A historiadora e especialista em América Latina destaca que a atual Constituição do Chile ainda é a de 1980, ou seja, feita durante o regime de exceção. “Pinochet aprovou uma Constituição num clima de medo e terror, a partir de um plebiscito, sem que as pessoas tivessem lido o texto constitucional.”

Como consequências, a Constituição do país não coloca o Estado como garantidor de direitos, mas como ente complementar àquilo que não feito pelo mercado. O resultado mais visível é na educação, área em que o Estado chileno não tem o dever de oferecer serviços a sua população, o mesmo ocorrendo com a saúde. 

“Dentro da Constituição de 1980 existe um neoliberalismo estruturante do regime jurídico e econômico do país”, afirma Joana Salém.
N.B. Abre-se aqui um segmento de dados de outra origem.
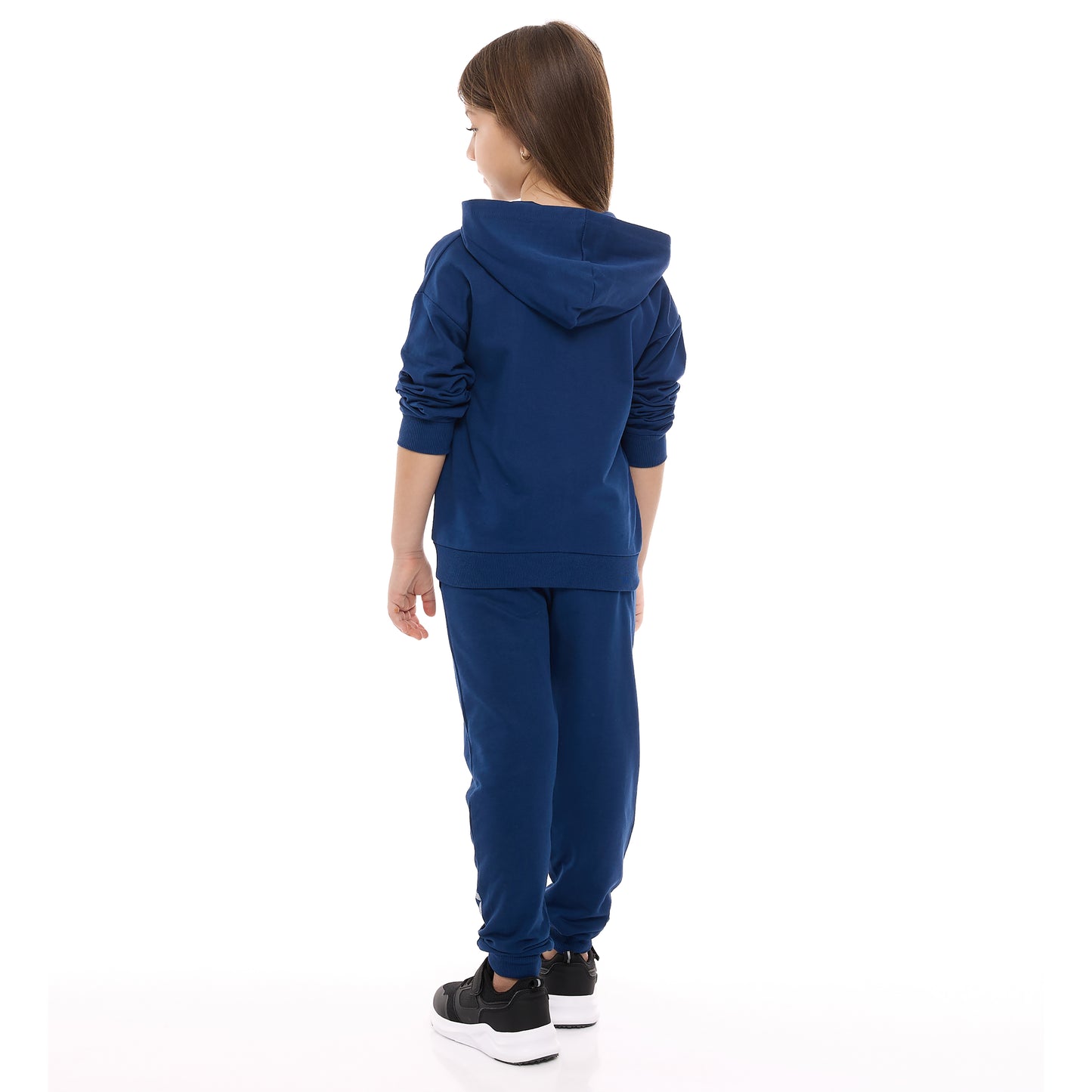 STAR EMBROIDERED SEQUINS HOODIE WITH MATCHING JOGGERS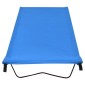 vidaXL Κρεβάτια Κάμπινγκ 2 τεμ. Μπλε 180x60x19εκ Ύφασ. Oxford/Ατσάλι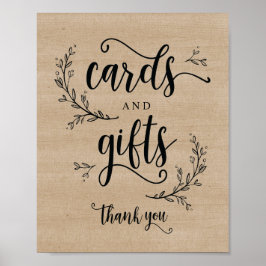 Póster Rústico Vines Bodas y Regalos Poster de Rótulo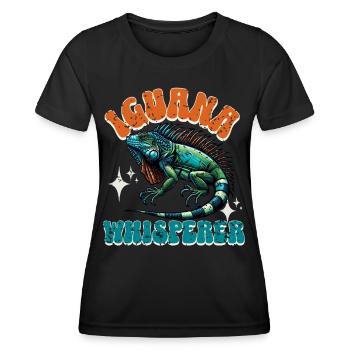 Iguane - T-shirt sport Femme - noir - Devant - AI Model Female 172 light (172cm)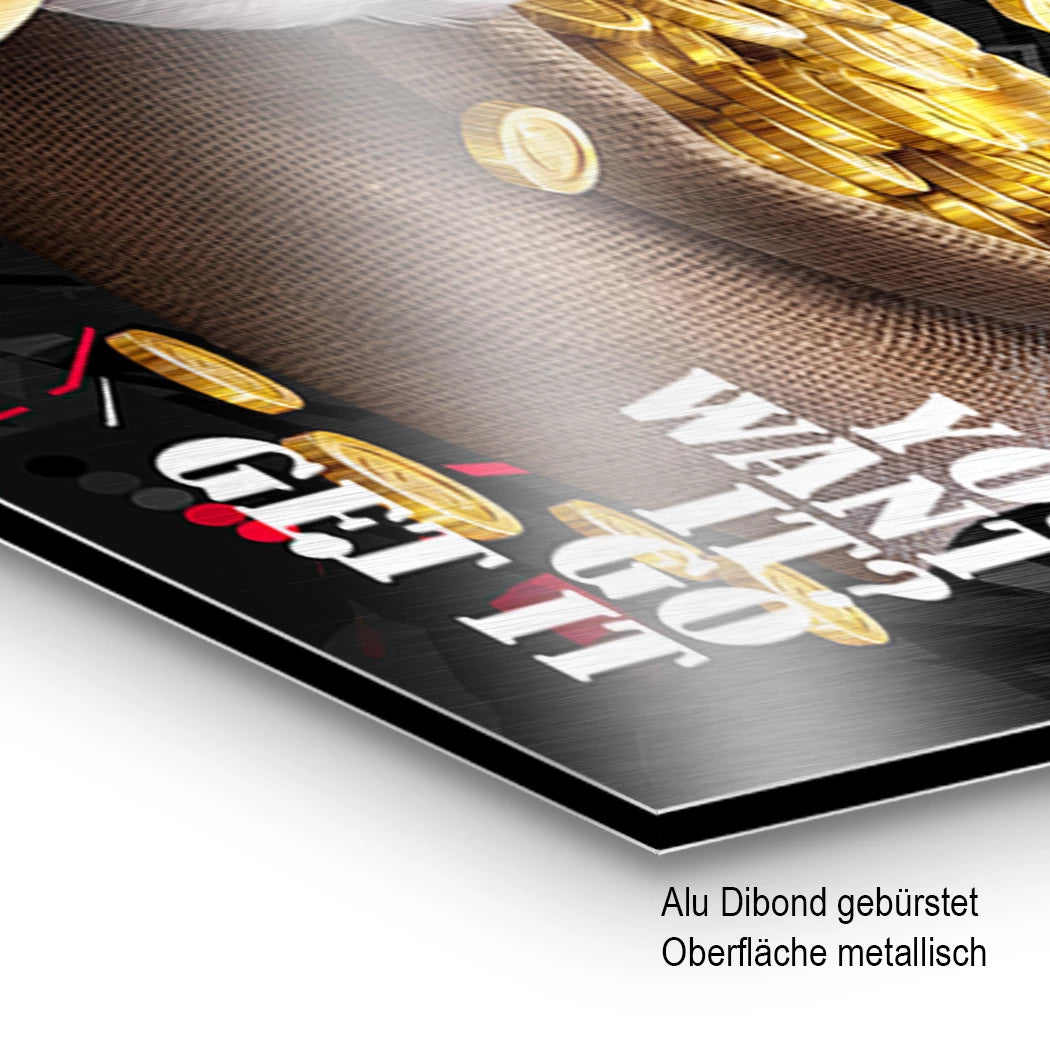 Dagobert No Limit Aluminiumbild gebürstet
De acordo com a historiadora, por conta disso os movimentos sociais chilenos dos últimos 15 anos, principalmente a partir da “revolta dos pinguins”, em 2006, e dos estudantes, em 2011, brigam contra as heranças de Pinochet no sistema institucional do país. 

Previdência 

Joana alerta que a reforma da Previdência que tentou ser aprovada no Brasil pelo governo de Michel Temer segue o mesmo molde da reforma previdenciária do Chile, aprovada em 1980, com a privatização quase completa do sistema.  

“Hoje os chilenos sentem os efeitos dessa reforma, que demora um tempo por causa do ciclo previdenciário. Um dos maiores e mais fortes movimentos sociais que existe no Chile se chama ‘no más AFP’, que são as associação de fundos de pensão privadas”, afirma. Ela explica que quando as pessoas começaram a se aposentar pelo sistema atual perceberam que, na prática, era uma “não aposentadoria”, pois era impossível deixar de trabalhar até o fim da vida para se sustentar.